## Your assignment
Could the entries below be transcribed word for word, with the pictures omitted?

[Collected data]
=== Section Start ===

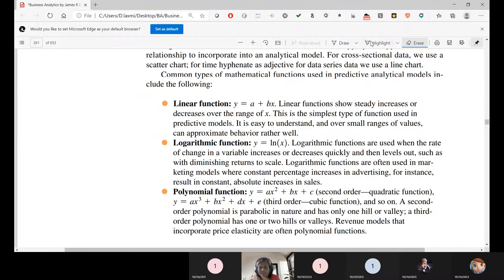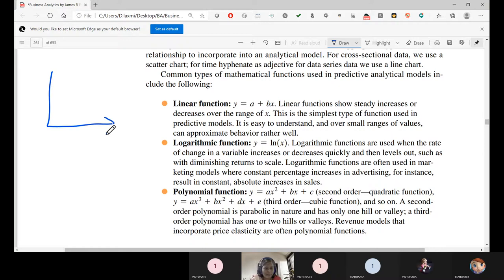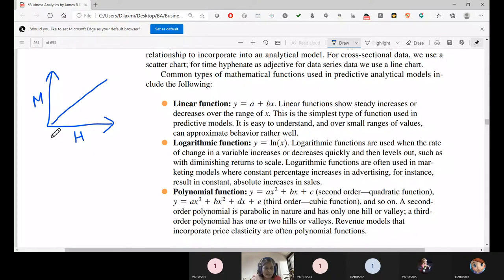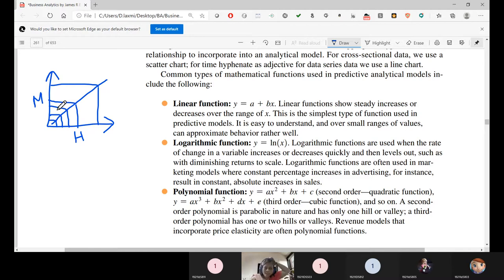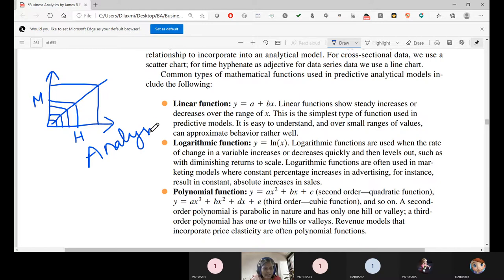Whenever there is a clearly informed linear relationship, we can use it. For example, the number of hours you study directly influences your marks. A person studying one hour scores near zero; two hours gives better marks; three hours even better; and more hours approaches near 100 marks. This is a direct linear relationship — that is the relationship analysis.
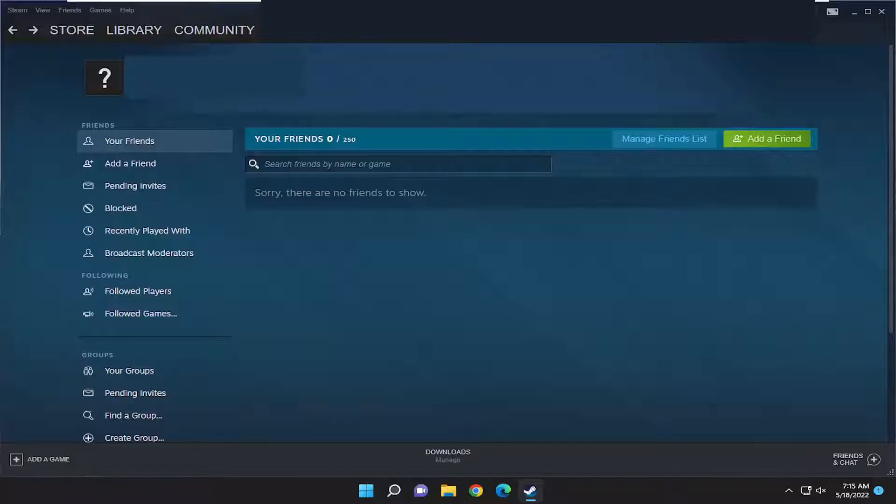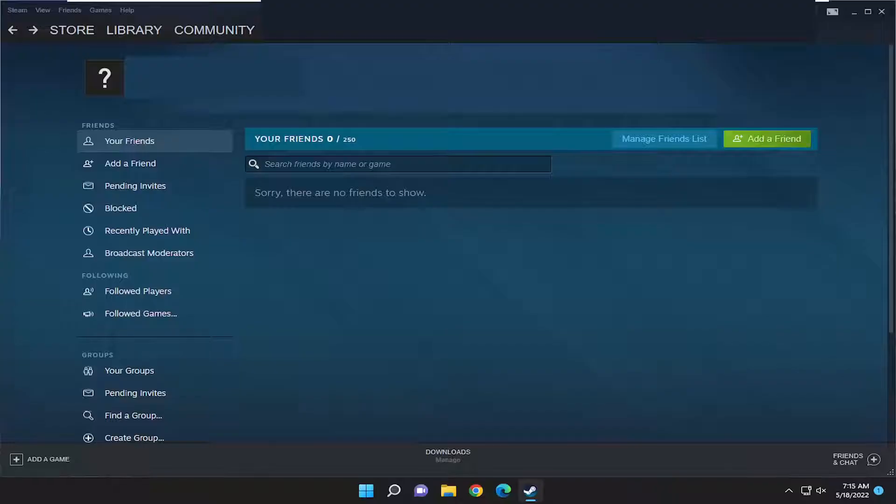In today's tutorial I'm going to show you guys how to either enable or disable the FPS or frames per second counter in your Steam games. This should hopefully be a pretty straightforward process guys.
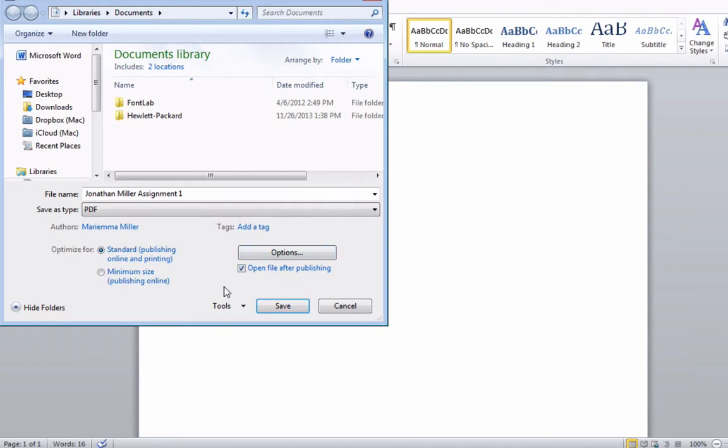The standard option should be fine, but you can play with them to see if it makes a difference, and then click Save.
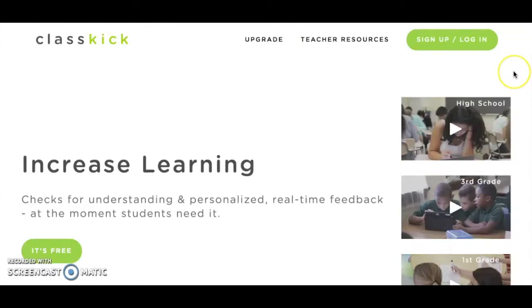Welcome to ClassKick. ClassKick is a new digital formative assessment tool that allows teachers to create lessons and assignments that students work through on their devices at their own pace.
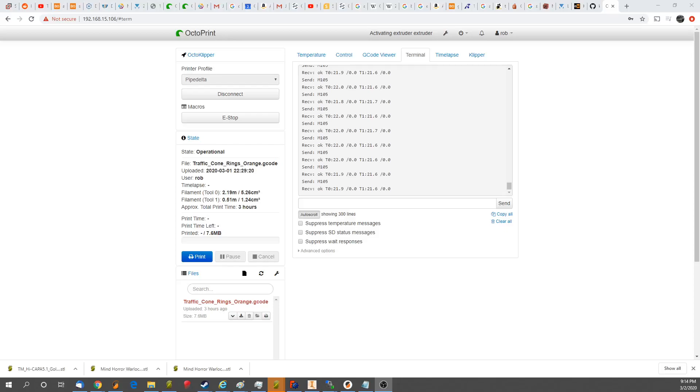Hey guys, thanks for watching another one of our videos. Today we're going to be talking about the new Clipper tool changing options because Activate G-Code and Deactivate G-Code was too straightforward.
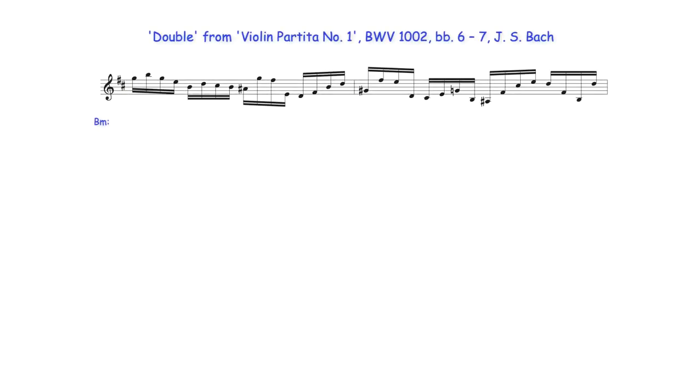In this bar, only the root note and 7th degrees of supertonic C sharp half diminished 7th harmony are literally notated, but its 5th degree G is understood as being present, beginning as the 3rd degree of E minor subdominant harmony, to then resolve as a 7-6 suspension over the secondary E dominant 7th harmony.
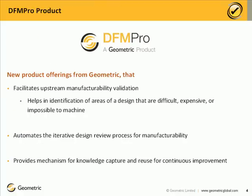Based on this background, Geometric has come out with a product called DFM Pro. DFM Pro facilitates upstream manufacturability validation. It helps in identification of areas of a design that are difficult, expensive or impossible to machine. DFM Pro being a software tool can automate the iterative design review process for manufacturability. DFM Pro also provides mechanism for knowledge capture and reuse for continuous improvement through its ability to be customized.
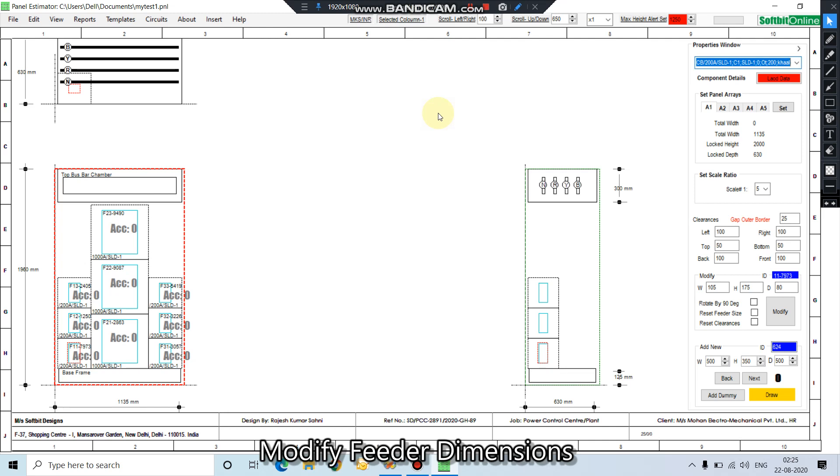Hello, this is my fourth video and today I will tell you how to modify the dimensions of a feeder. I have already loaded the design which we made in our third video.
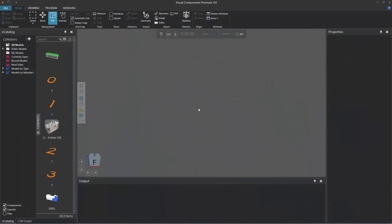Hello this is William from Visual Components. In this video I'm going to show you how to display deprecated components in your eCatalog panel.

=== Section End ===

## Output
Whenever there is a clearly informed linear relationship, we can use it. For example, the number of hours you study directly influences your marks. A person studying one hour scores near zero; two hours gives better marks; three hours even better; and more hours approaches near 100 marks. This is a direct linear relationship — that is the relationship analysis.
In today's tutorial I'm going to show you guys how to either enable or disable the FPS or frames per second counter in your Steam games. This should hopefully be a pretty straightforward process guys.
The standard option should be fine, but you can play with them to see if it makes a difference, and then click Save.
Welcome to ClassKick. ClassKick is a new digital formative assessment tool that allows teachers to create lessons and assignments that students work through on their devices at their own pace.
Hey guys, thanks for watching another one of our videos. Today we're going to be talking about the new Clipper tool changing options because Activate G-Code and Deactivate G-Code was too straightforward.
In this bar, only the root note and 7th degrees of supertonic C sharp half diminished 7th harmony are literally notated, but its 5th degree G is understood as being present, beginning as the 3rd degree of E minor subdominant harmony, to then resolve as a 7-6 suspension over the secondary E dominant 7th harmony.
Based on this background, Geometric has come out with a product called DFM Pro. DFM Pro facilitates upstream manufacturability validation. It helps in identification of areas of a design that are difficult, expensive or impossible to machine. DFM Pro being a software tool can automate the iterative design review process for manufacturability. DFM Pro also provides mechanism for knowledge capture and reuse for continuous improvement through its ability to be customized.
Hello, this is my fourth video and today I will tell you how to modify the dimensions of a feeder. I have already loaded the design which we made in our third video.
Hello this is William from Visual Components. In this video I'm going to show you how to display deprecated components in your eCatalog panel.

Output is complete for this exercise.